On the edge of the abyss
In December 2011, when Prime Minister Mariano Rajoy took power after eight years of Socialist rule, Spain was in dire shape.
The construction sector, which had been a major engine for growth, had stopped in its tracks after the housing bubble burst in 2008, taking with it banks overwhelmed by the debt of people who could no longer pay their mortgages.
Since then, the country has gone in and out of recession and unemployment went through the roof, from 8.57 percent in 2007 to 22.56 percent in 2011.
At that time, 1,400 Spaniards lost their jobs every day, Rajoy has repeatedly pointed out.
The country's 17 semi-autonomous regions, like the central state, were also heavily indebted.
Once in power, the ruling Popular Party maintained austerity measures launched by the Socialists in 2009 – spending cuts, tax rises, and salary freezes for civil servants.
It claims to have saved €150 billion ($165 billion) between 2012 and 2014, thus avoiding a damaging, Greece-like rescue deal, even if the Spanish banking sector was bailed out by the European Union to the tune of €40 billion.
A hint of recovery
The eurozone's fourth largest economy started growing again in 2014, with a 1.4 percent gross domestic product (GDP) leap, and expects to expand 3.3 percent this year – a better performance than its eurozone neighbours.

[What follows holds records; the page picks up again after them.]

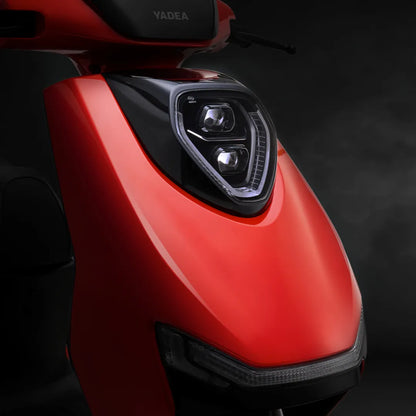 Od blizu posnet Električni skuter Yadea Ezeego, ki prikazuje njegovo elegantno rdečo obliko in žaromete.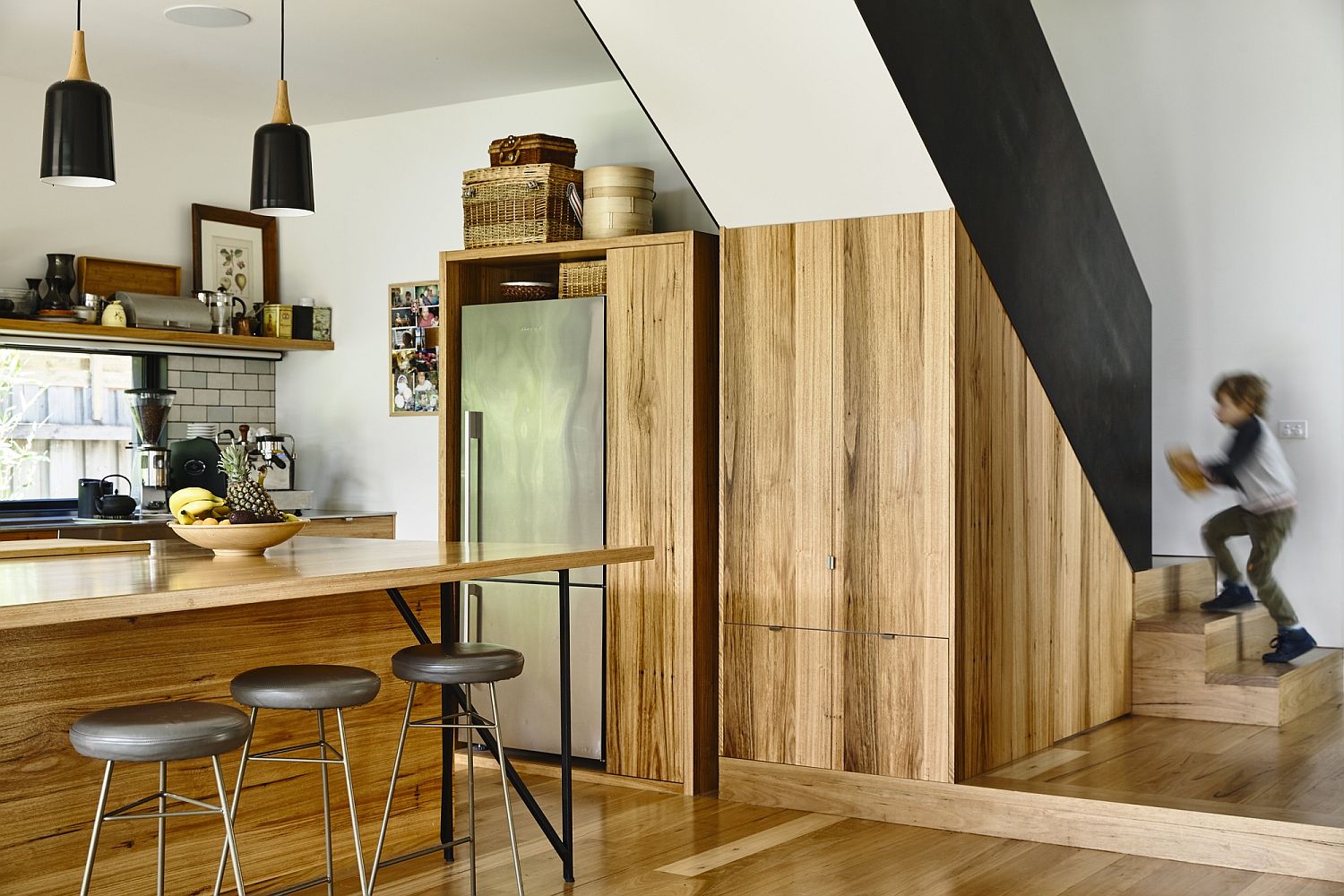 Revamped kitchen design with a fabulous wooden island and tiled backsplash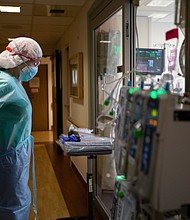 Registered Nurse Joan Pung, right, dawns her isolation gowns in the hallway inside the ICU at Providence St. Jude Medical Center Christmas Day on Friday, Dec. 25, 2020 in Fullerton, CA.
Credit:	Francine Orr/Los Angeles Times/Getty Images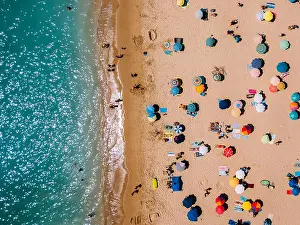 Beachfront Prints: Aerial View From Flying Drone Of People Crowd Relaxing On Algarve Beach In Portugal
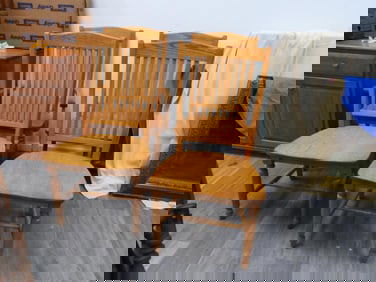 Set of 4 solid oak chairs, one is an arm chair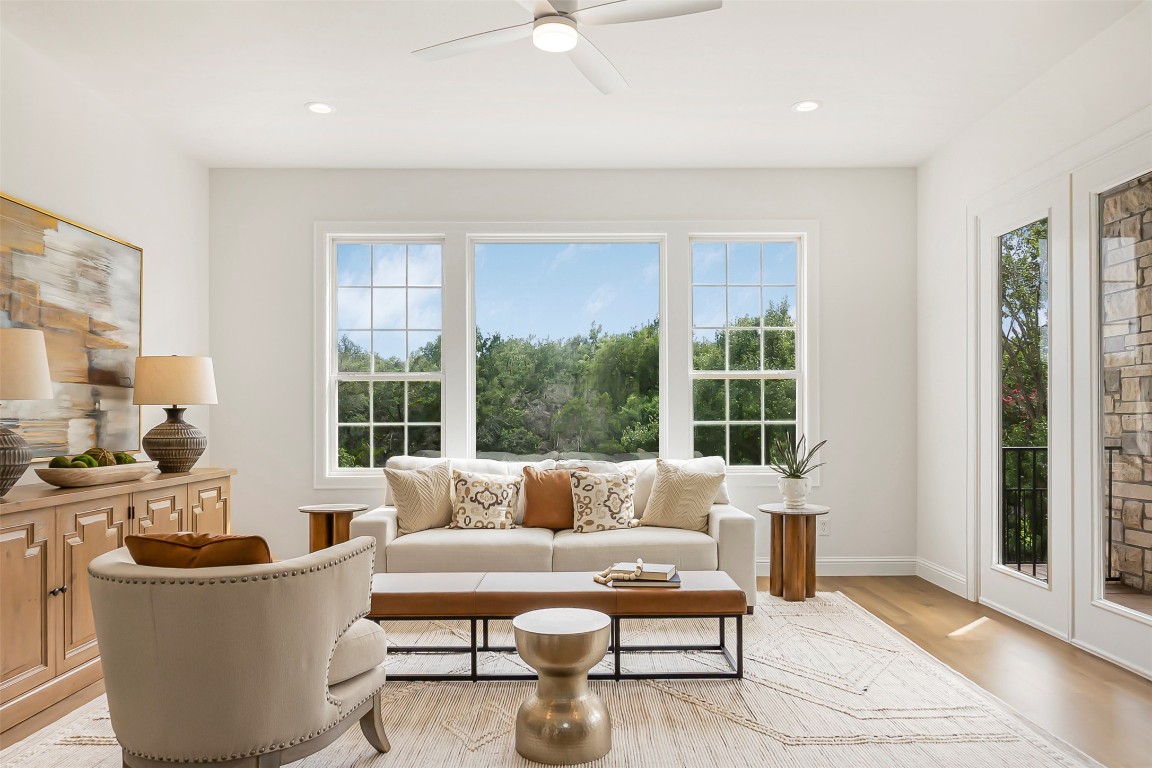 10903 Centennial Trail Austin, TX 78726 - Photo 6 of 31 Living area featuring light wood finished floors, a ceiling fan, and recessed lighting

A 2012 reform of the labour market reduced the costs for companies of laying off people.
Some sectors such as the automotive industry, which generates 10 percent of the GDP, had also started reducing salaries or working seven days a week.
As a result, the workforce in the industrial sector and in market services cost just €21 an hour in the second quarter of the year, according to the Paris-based Coe-Rexecode economic research centre, compared with €36 in France and 34 in Germany.
That gave Spanish firms a major competitive edge, and they have reported a near 25 percent rise in exports since 2007.
The country's unemployment rate is also ebbing and emboldened households have started to spend again.
Domestic demand – both from households and companies – is in fact one of the main drivers of growth.
Other external factors, such as a drop in oil prices and the depreciation of the euro, have also helped.
But economists say Spain is far from having resolved its problems.
Unemployment still stands at more than 21 percent, and some have given up trying to find a job.
“The quality of jobs created is debatable,” Bankinter analysts say, pointing to many precarious or part-time positions.
Under Rajoy's watch, the number of jobless has dropped by just 436,000, to 4.8 million.
In 2014, the GDP stood at 1.06 trillion euros, compared with 1.12 trillion in 2008.
Spain is also still heavily indebted, with its public debt at 99.3 percent of GDP in the third quarter.
Education is also an issue, with a school drop-out rate of 22 percent – a record in the European Union — and a lack of training for the unemployed.